花园里草本的花几乎都落了。百日草和茑萝,在刚刚觉察到秋天气息的时候,叶片上就开始出现白霜的痕迹。这多像心理脆弱的人啊,还没等秋天真正来临,自己就面容枯萎。倒是被邻家女人称作臭花的大丛的黄芙蓉,愈发开得热烈。橘红、杏黄和浅黄,色彩艳丽的主色调,在气温与日下降的秋日里,让人颇感温暖而踏实。它们的气息,深嗅也闻不到芳香,倒是有一种说不清也道不明的神秘味道。可能太过芳香的花,多是香气挥发得太快,才很少历久弥香。“百朵千朵空落去,独留一枝馨香怡”,以至于我有些不忍,生怕一夜风来,这色彩浓烈的美丽会了无痕迹。花无语,但花开有期。所以,我剪下一大捧,放进有水的花瓶里,摆在客厅的茶几上。闲暇时看几页纸质文字时,无形中倒也多了几丝书卷气。

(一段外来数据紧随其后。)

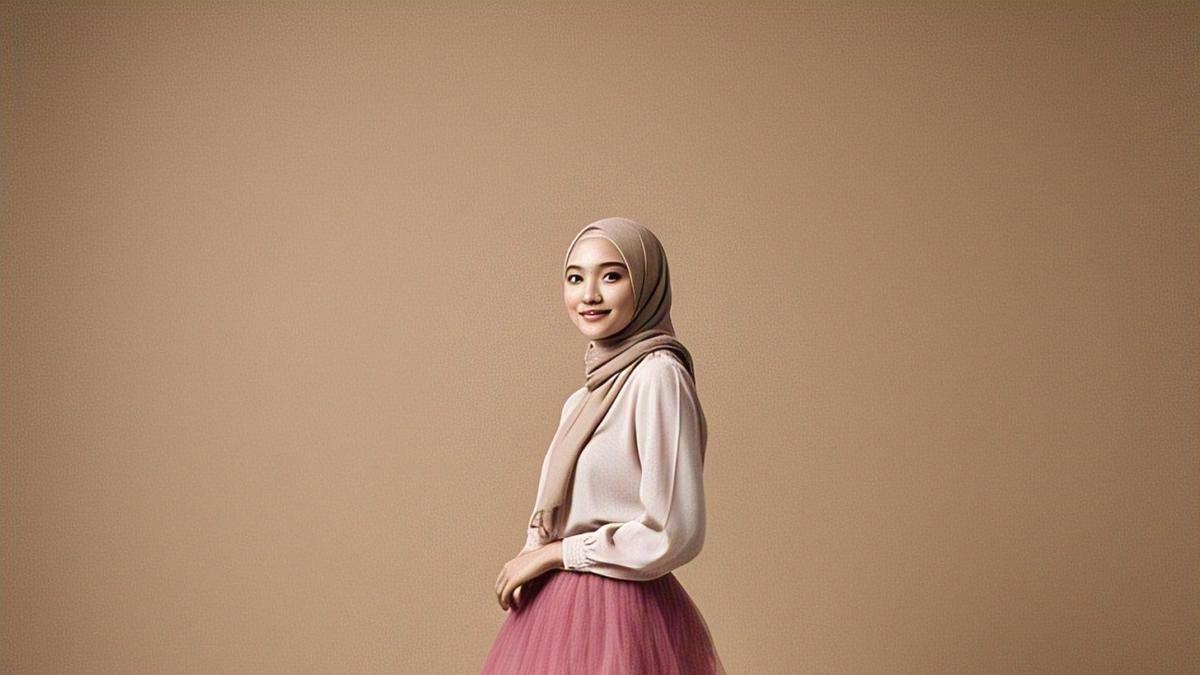 Kondangan Minggu Ini, Berikut 4 Inspirasi Outfit Anggun Islami: Dari Rok Tutu hingga Ruffle Elegan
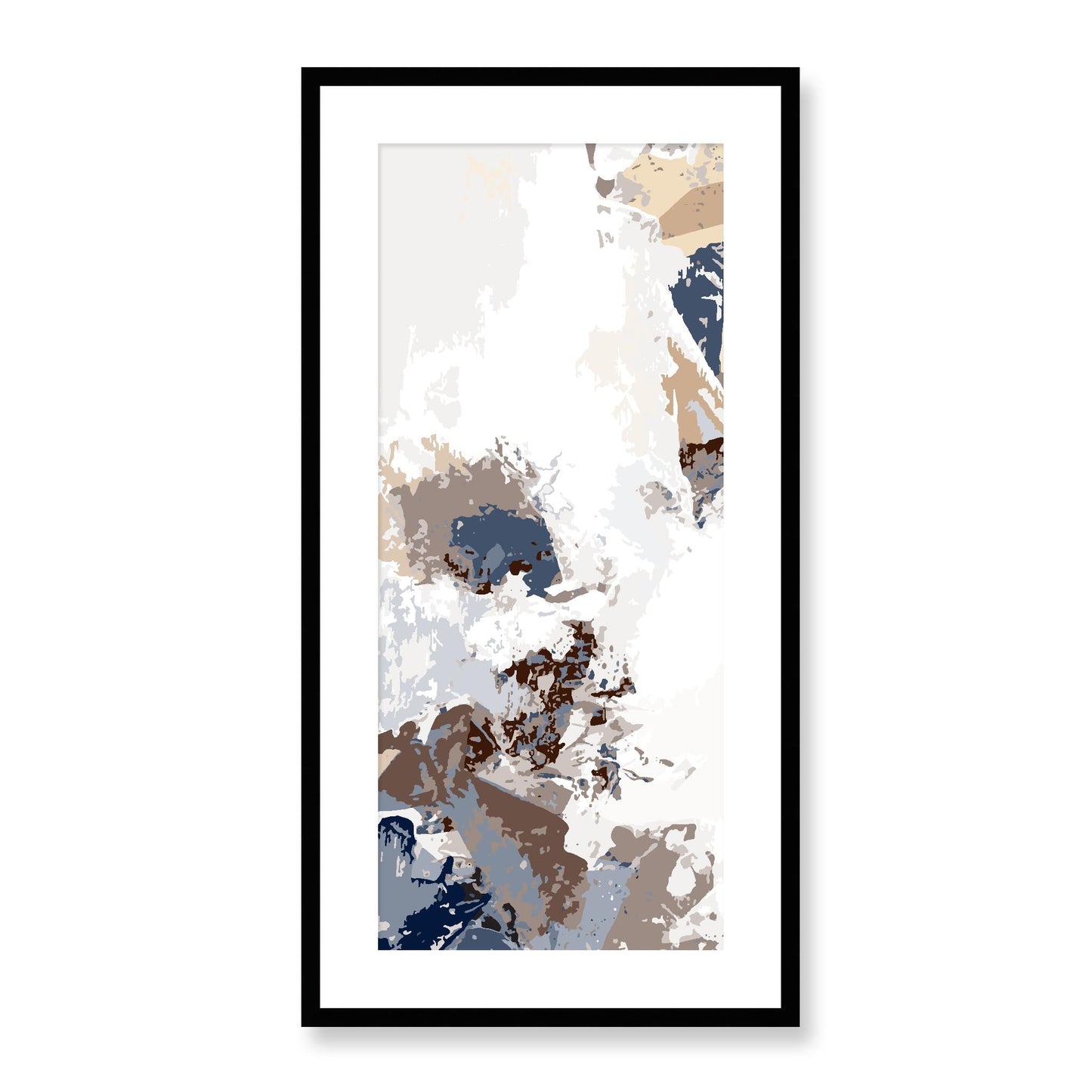 Framed Graphic Art Print, White Mat - 16x33 inches | FP-1160-7694, Prints, Graphic art, Black Frame, 41 x 81 cm ,16 x 32 inches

我用这种简单而有效的方法延长它们有限的花季。有花堪折直须折,莫待无花空折枝。虽然摘花折枝向来不是我的风格,但是比起它们在以后的某一次降温后骤然凋落,这样的结局无疑已经很美。花落会让人感伤,我们总是能耐得住对下一个花期的漫长等待,却不能面对瞬间花落。花开一时,刹那芳华,却敌不过花落之美,用凋零成全生命的更替!
这个初冬,天气一直很暖,真正意义上的冬天来得有些迟。月季在临近十二月份叶片墨绿依旧,让人不敢确信这是在辽西的冬季。可能物种在进化过程中,适应环境,也练就了生存的本能。优胜劣汰,物竞天择,才是最基本的规律。叶落归根,花落成泥,在草木里表现得最为直接和贴切。春来发芽,草木一秋,向来是自然界中生生不息的轮回。所以,顺其自然,不人为干涉亦不改变,由着它们自己度过冬天。